Evan Zimmerman/Metropolitan Opera

It is a testament to the fine direction and casting of the Met’s current production of Mozart’s Le nozze di Figaro that it can make the audience laugh. We didn’t titter politely in acknowledgement of the performers’ comic signaling, we actually laughed. This felt like nothing short of miracle, especially given the Monday night premier with a sleepy audience of office workers who haven’t had quite enough to drink at P.J. Clarke’s pre-show.

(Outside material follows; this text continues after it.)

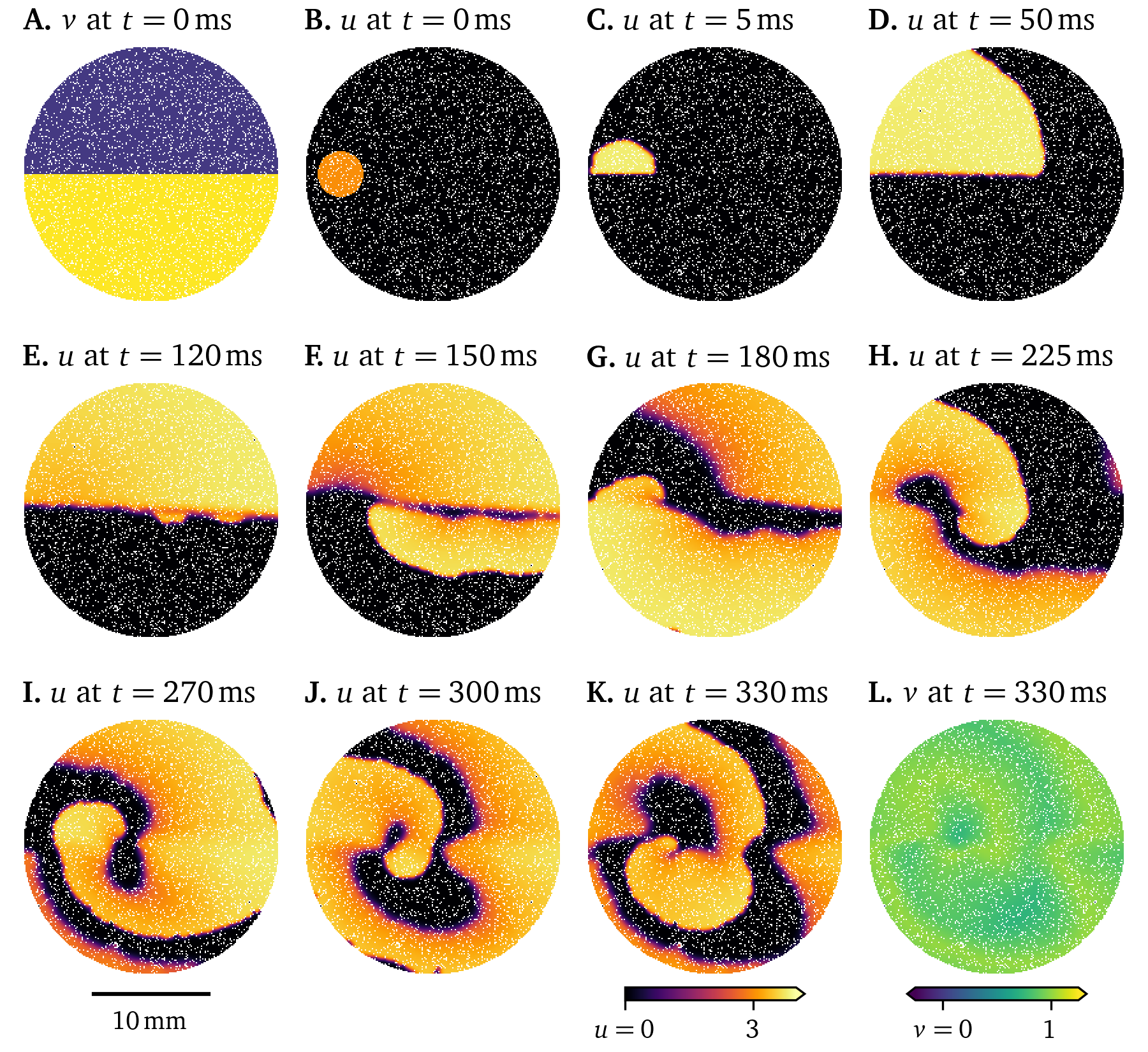 Simulation showing the effect of fibrosis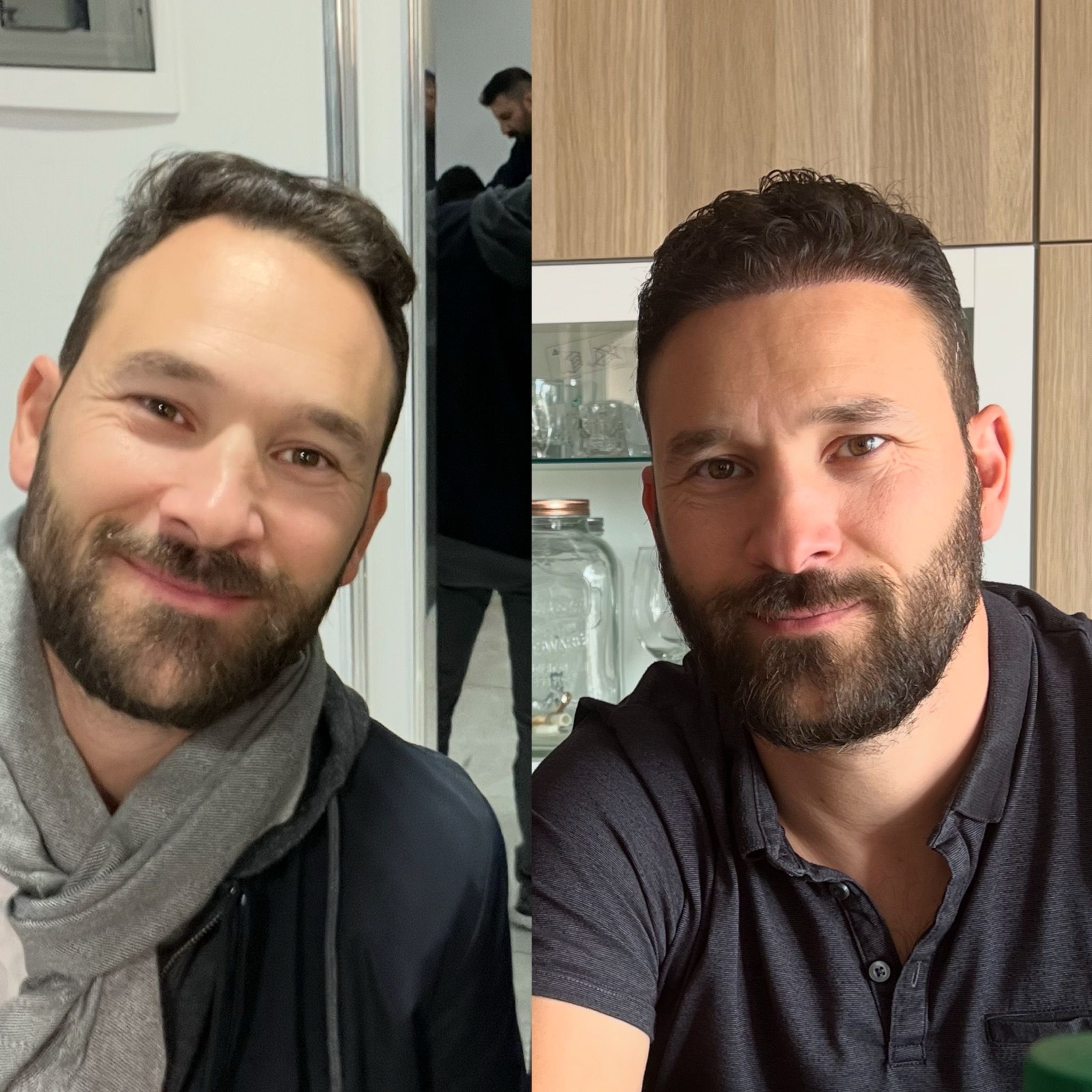 Résultat avant et après greffe de cheveux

Richard Eyre’s playful, subdued production utilizes the Met’s rotating stage, with bedrooms, bower, and banquet hall cranking gaily around like a carousel. Pretty and inoffensive, the set design plays it safe. Set in a Spanish villa in the 1930s, thanks to the weird lighting it took me until Act IV to recognize that the latticed walls were meant to evoke Moorish grillwork. Why the 1930s? Perhaps for costuming purposes only: for Countess Almaviva to sweep magnetically across the stage, Veronica Lake-style, in glistening waves of silk. Cherubino also hams up his twee young lover routine in adorable 1930s drag, although, the performance was more Gilded Age Vaudeville than Weimar cabaret.

The topsy-turvy world of the opera nestles inside the production’s subdued chaos. Conductor Joana Mallwitz carries this muted zaniness throughout. The conducting had little discernable logic to it and yet swept upwards in some brilliant and chilling moments of giddy precision. It is a testament to the excellence of the cast that the performance was as good as it was. While there weren’t many moments of toe-tinglingly great singing, all roles had a substantive core to them, the acting was impeccable, and the physical comedy was winningly gonzo.

Bass-baritone Michael Sumuel was a charismatic Figaro. He minced, schemed, and speechified his way through the score, serving comically treacherous Tartuffe in “Se vuol ballare” and “Non più andrai.” Sumuel is also a superb physical comedian, gracefully weaving himself into the web-like stage direction. Mezzo-soprano Sun-ly Pierce as Cherubino laps up this trouser role as if she were born for it. One of the only truly standout voices of the show, her bell-like uppermost range was able to match the gorgeous pulsing maximalism of the orchestration.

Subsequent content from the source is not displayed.